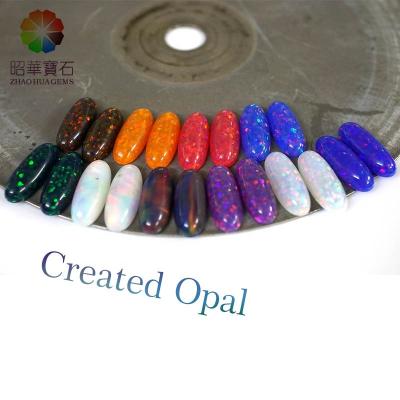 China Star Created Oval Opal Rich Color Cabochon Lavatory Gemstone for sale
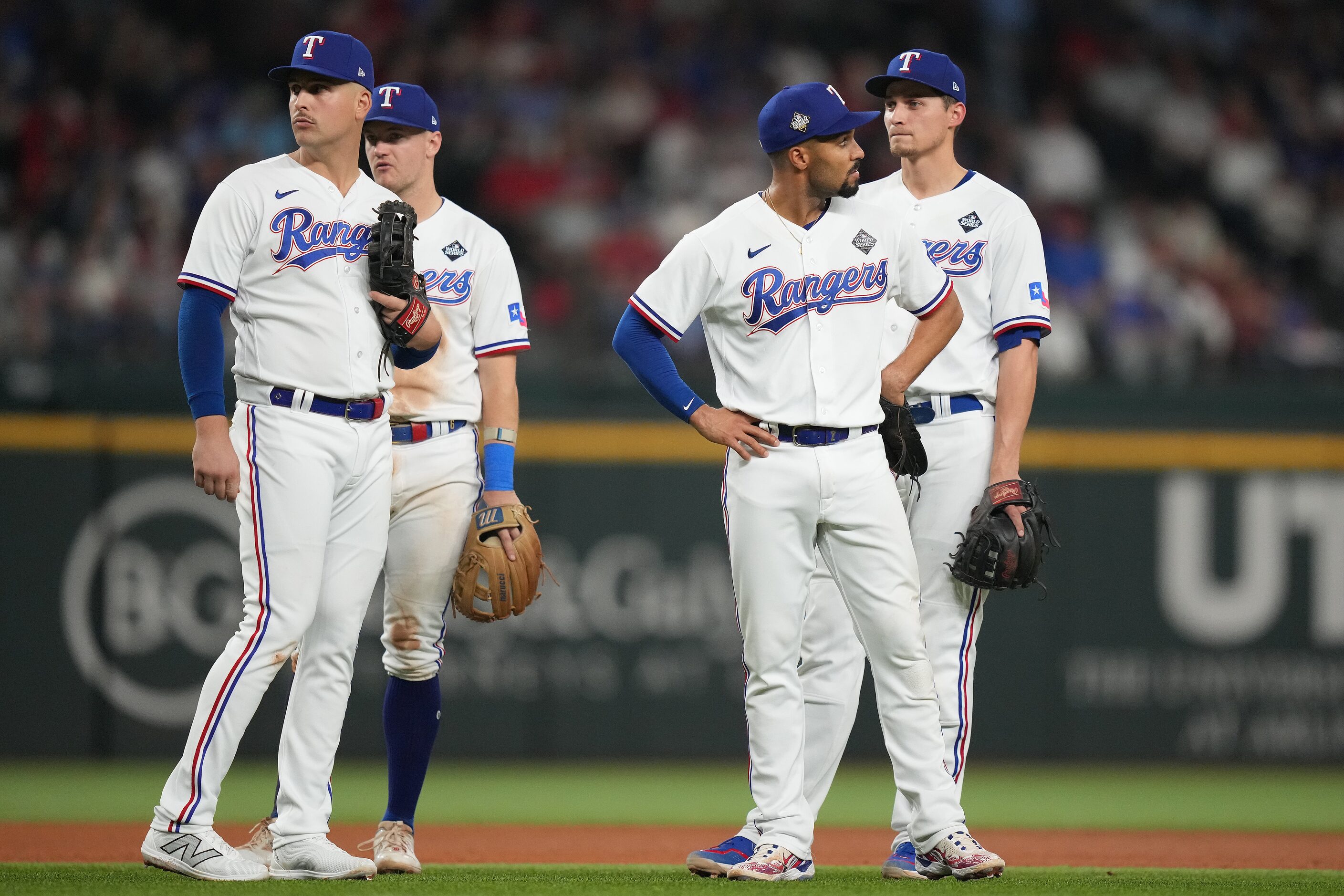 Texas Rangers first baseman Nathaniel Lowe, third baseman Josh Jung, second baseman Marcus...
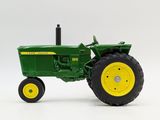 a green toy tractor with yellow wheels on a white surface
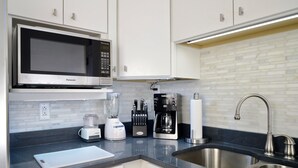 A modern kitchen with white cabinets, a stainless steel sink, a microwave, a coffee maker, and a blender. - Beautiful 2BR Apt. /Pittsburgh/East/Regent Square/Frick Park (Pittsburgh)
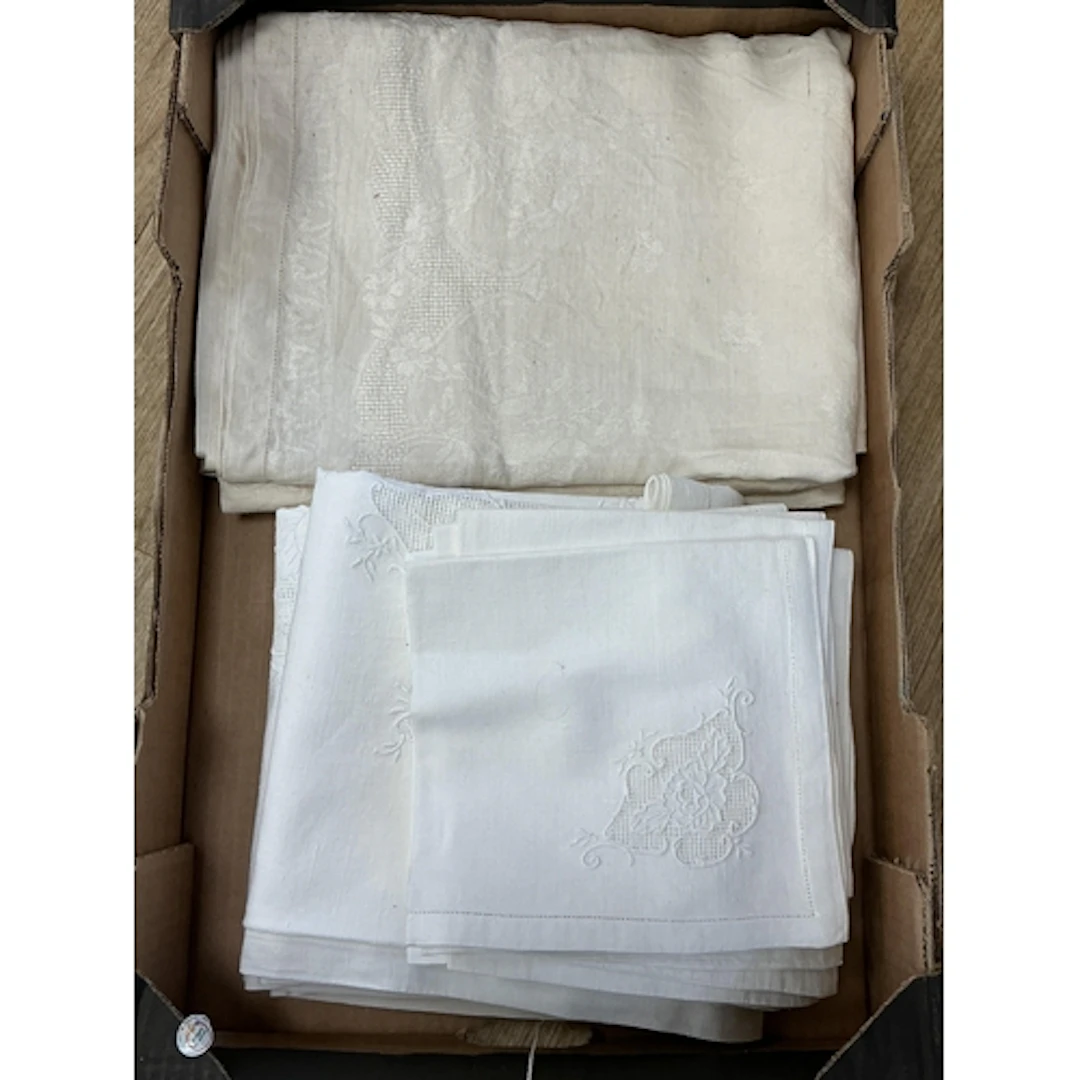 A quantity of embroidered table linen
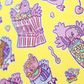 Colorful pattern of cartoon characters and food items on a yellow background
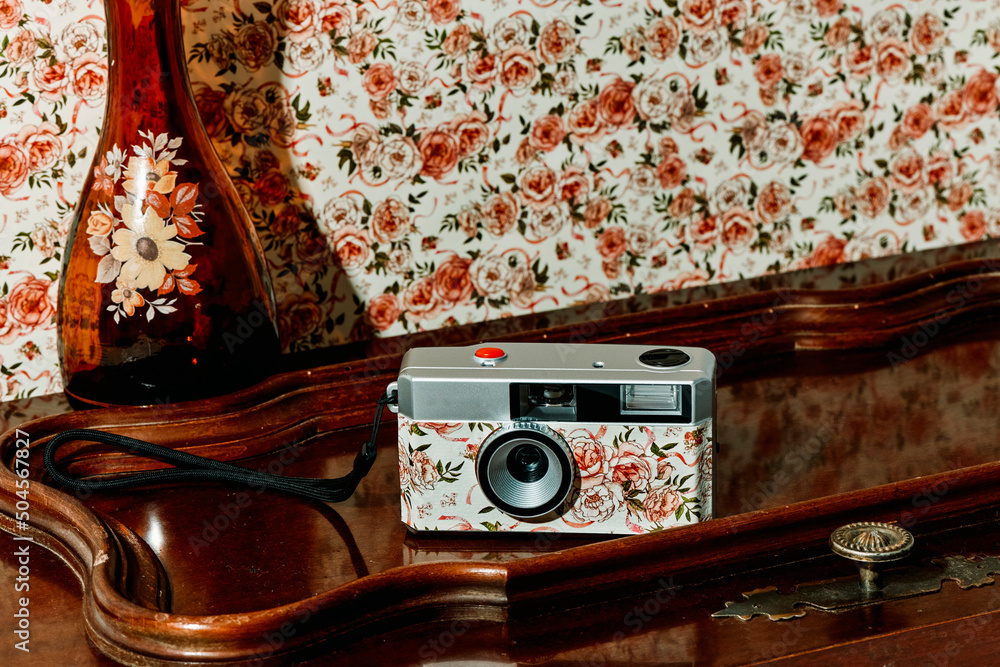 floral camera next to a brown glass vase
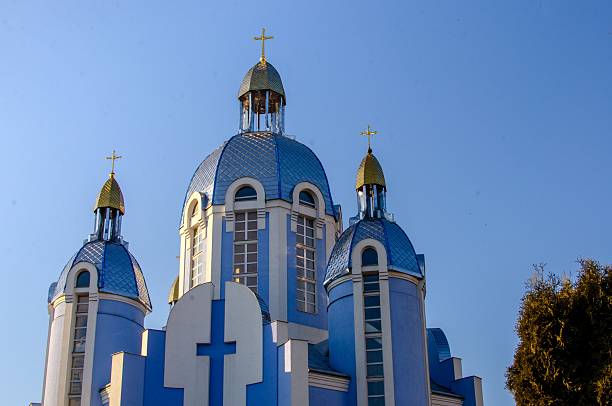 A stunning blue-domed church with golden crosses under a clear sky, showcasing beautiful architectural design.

▶ Exercise details
If the records contain pictures, skip them, and transcribe exactly every line from the one with "A modern kitchen" through the last line.

▶ Result for this task
 A modern kitchen with white cabinets, a stainless steel sink, a microwave, a coffee maker, and a blender. - Beautiful 2BR Apt. /Pittsburgh/East/Regent Square/Frick Park (Pittsburgh)
 A quantity of embroidered table linen
 Colorful pattern of cartoon characters and food items on a yellow background
 floral camera next to a brown glass vase
 A stunning blue-domed church with golden crosses under a clear sky, showcasing beautiful architectural design.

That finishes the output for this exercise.